- _Assignment_
What is needed is a faithful copy of all the entries, with no pictures in it.

Pictures with short captions:
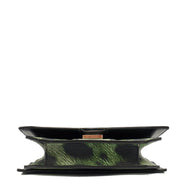 Picture of Givenchy Cross Body Pandora Box in Green, Box Calfskin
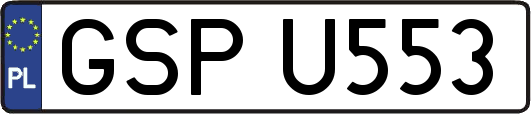 GSPU553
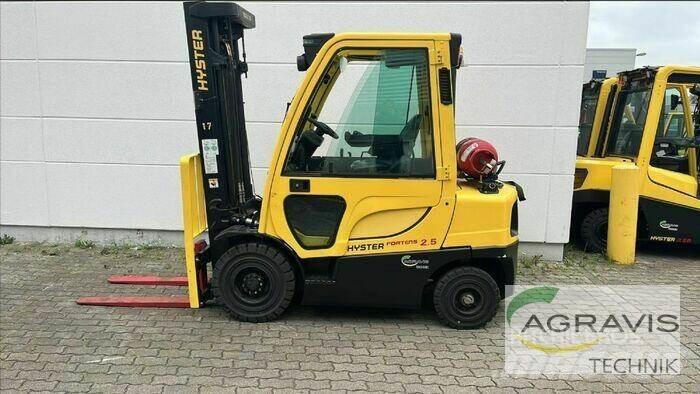 Hyster H2.5FT 其他叉车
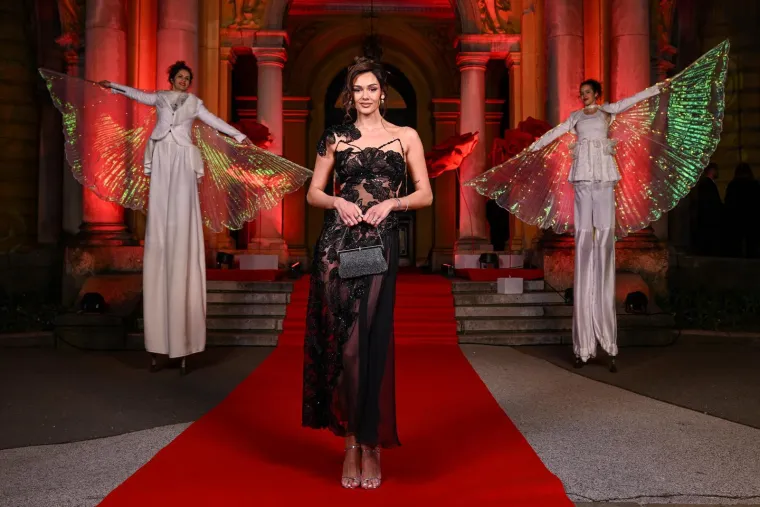 Dodjela Večernjakove ruže: Pogledajte koje su zvijezde zablistale na crvenom tepihu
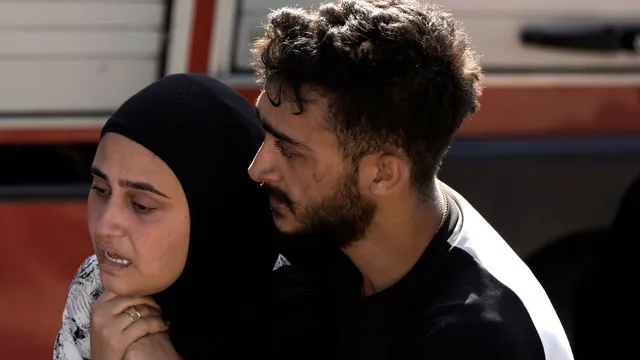 Lebanon's Health Minister warns of war and casualties from Israeli airstrikes
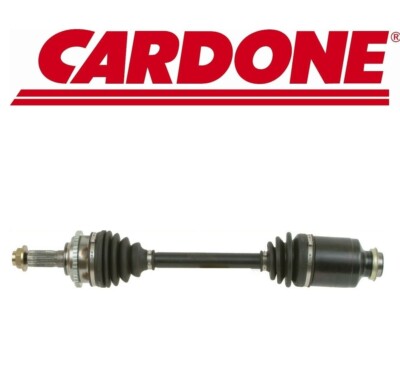 66-8154 A1 Cardone CV Joint Axle Shaft Assembly Front Passenger Right Side New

- _Response_
 Picture of Givenchy Cross Body Pandora Box in Green, Box Calfskin
 GSPU553
 Hyster H2.5FT 其他叉车
 Dodjela Večernjakove ruže: Pogledajte koje su zvijezde zablistale na crvenom tepihu
 Lebanon's Health Minister warns of war and casualties from Israeli airstrikes
 66-8154 A1 Cardone CV Joint Axle Shaft Assembly Front Passenger Right Side New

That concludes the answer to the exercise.